Cette interview a été réalisée fin mai 2017 par le site d’information anticapitaliste et antiautoritaire de Montpellier Le Pressoir pour recueillir la parole des camarades de l’Assemblée antifasciste du Pirée dans le cadre d’échanges d’expériences sur l’antifascisme, afin de connaître leur analyse, de mieux comprendre la situation et aussi afin de renforcer des liens avec les camarades francophones.

L’histoire de l’antifascisme en Grèce remonte à la fin des années 1930 avec l’opposition à la dictature fasciste de Metaxas puis aux années 1940 avec la résistance contre les armées de l’État italien fasciste et de l’État allemand nazi. La lutte contre le fascisme s’est poursuivie après la fin de la dictature en 1974, puis un tournant a été pris avec la montée spectaculaire du groupuscule nazi Aube dorée [1], autant dans la rue que dans les urnes, au moment de la crise financière, à la fin des années 2000.

Camarades bonsoir, pour démarrer pouvez-vous nous présenter votre collectif, l’Assemblée antifasciste du Pirée ? Quand a-t-elle été créée, dans quel contexte et avec quels buts ?

L’Assemblée antifasciste du Pirée a été créée en novembre 2013, après l’assassinat de Pavlos Fyssas (Killah P) par une section d’assaut [2] de l’Aube dorée (AD).
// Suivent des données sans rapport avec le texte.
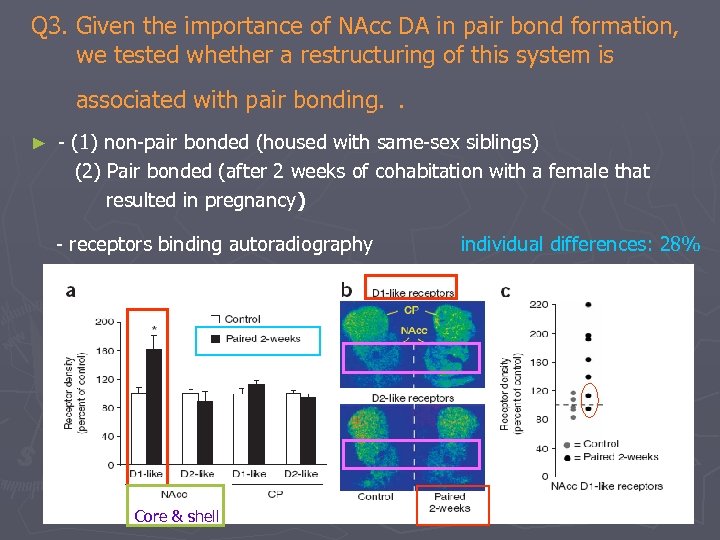 Q 3. Given the importance of NAcc DA in pair bond formation, we tested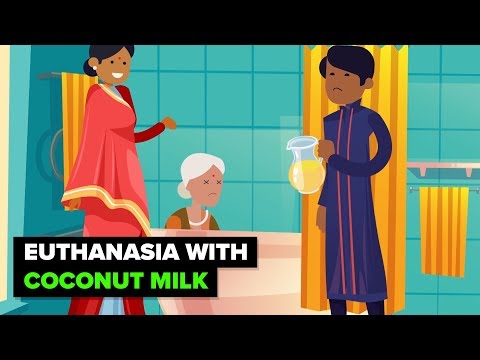 India - Where Coconut Milk is a Murder Weapon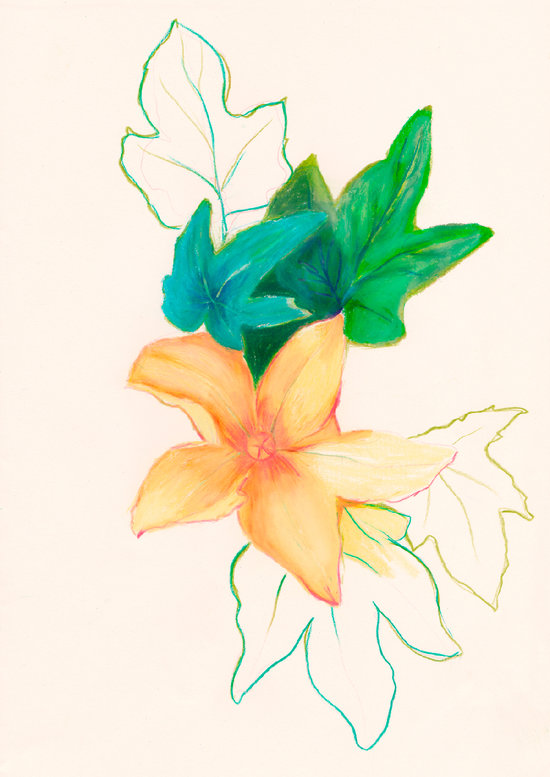 Fleurs de courgette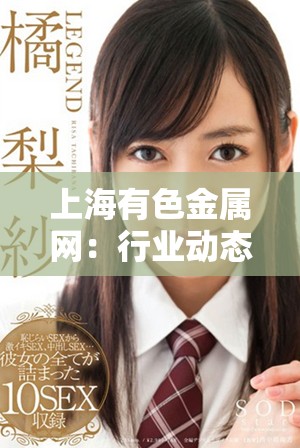 上海有色金属网：行业动态与市场分析一手掌握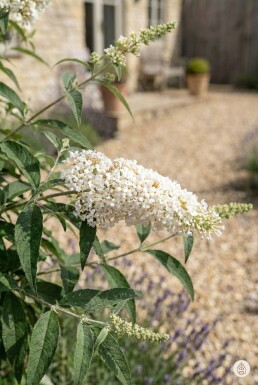 Buddleja davidii 'White Profusion' buske 80-100 cm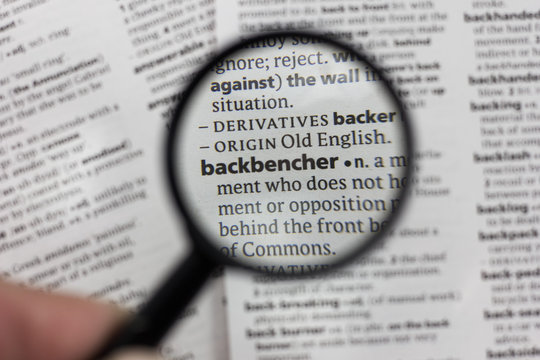 The word or phrase backbencher in a dictionary.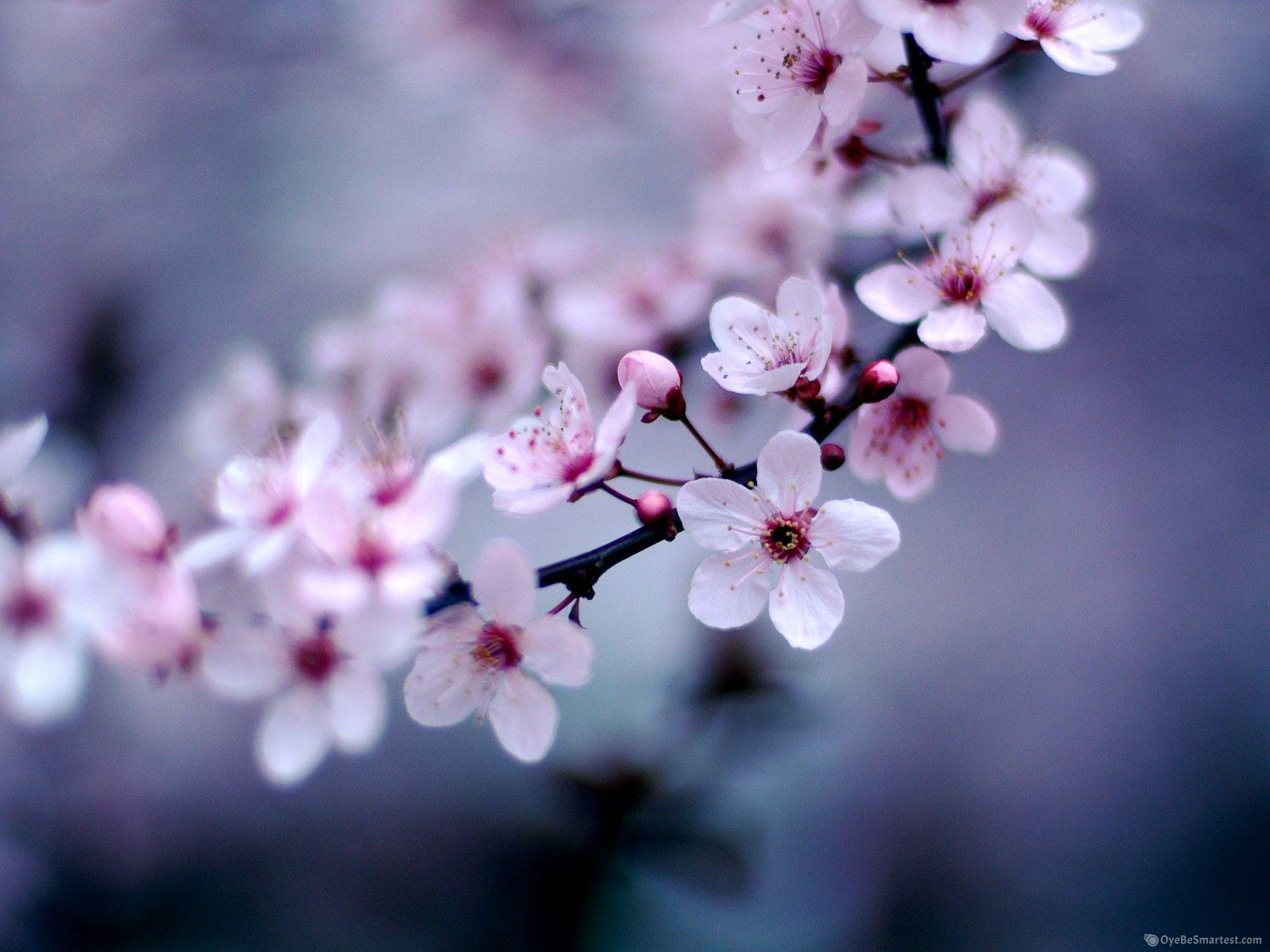 Sakura Flower Wallpapers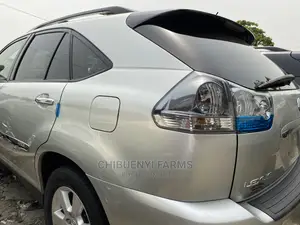 Lexus RX 330 2006 Silver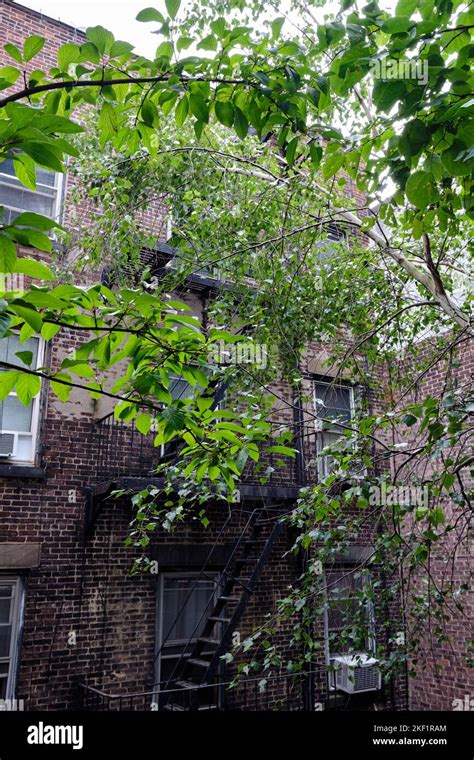 Apartamentos T Picos De La Ciudad De Nueva York Con Un Rbol Cuyas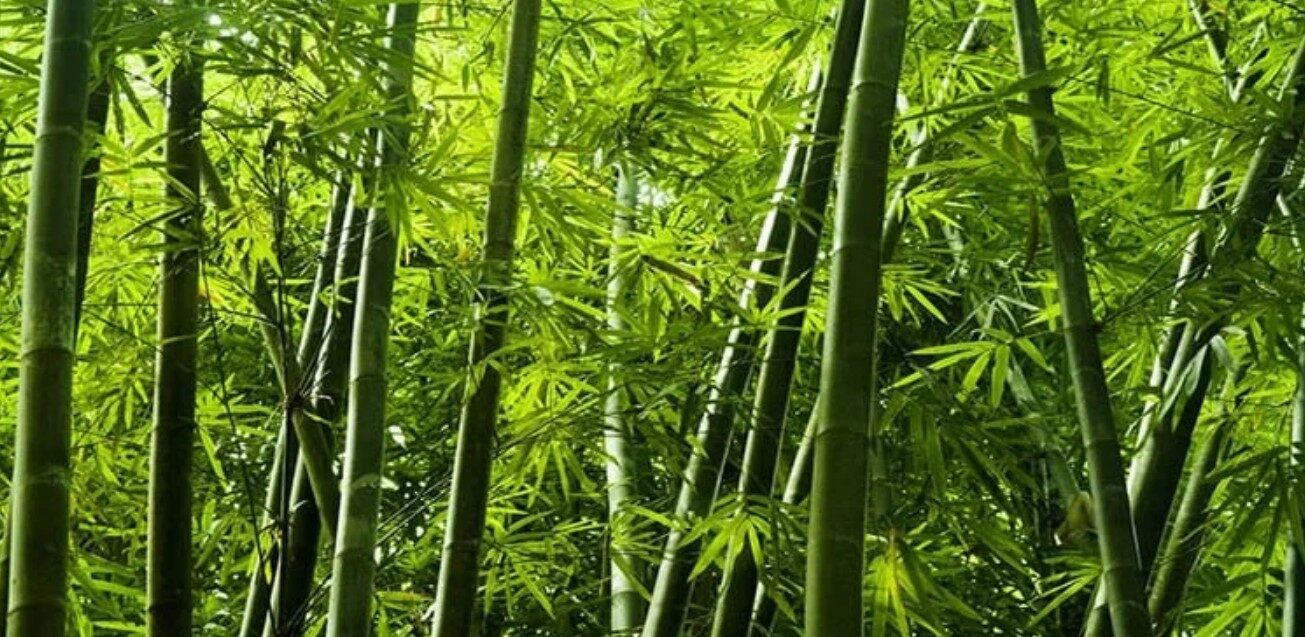 বিশ্ব বাঁশ দিবস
Notre objectif était d’ouvrir la question de l’antifascisme au Pirée, un endroit assez sensible à cette période-là en raison de l’existence depuis des années d’un noyau organisé de l’Aube dorée et à cause du caractère raciste et petit-bourgeois du Pireotis (habitant du Pirée) moyen.

Malgré le fait que nous nous organisions sur le sujet spécifique de la lutte antifasciste, nous le faisons autour de principes et pratiques antiautoritaires. Nos réunions sont ouvertes (mais pas publiques) et sont fondées sur l’auto-organisation. Au-delà de l’antifascisme, notre assemblée s’implique aussi dans les luttes et activités concernant le travail, la solidarité aux migrant·e·s ainsi que l’expression et la création culturelle auto-organisées.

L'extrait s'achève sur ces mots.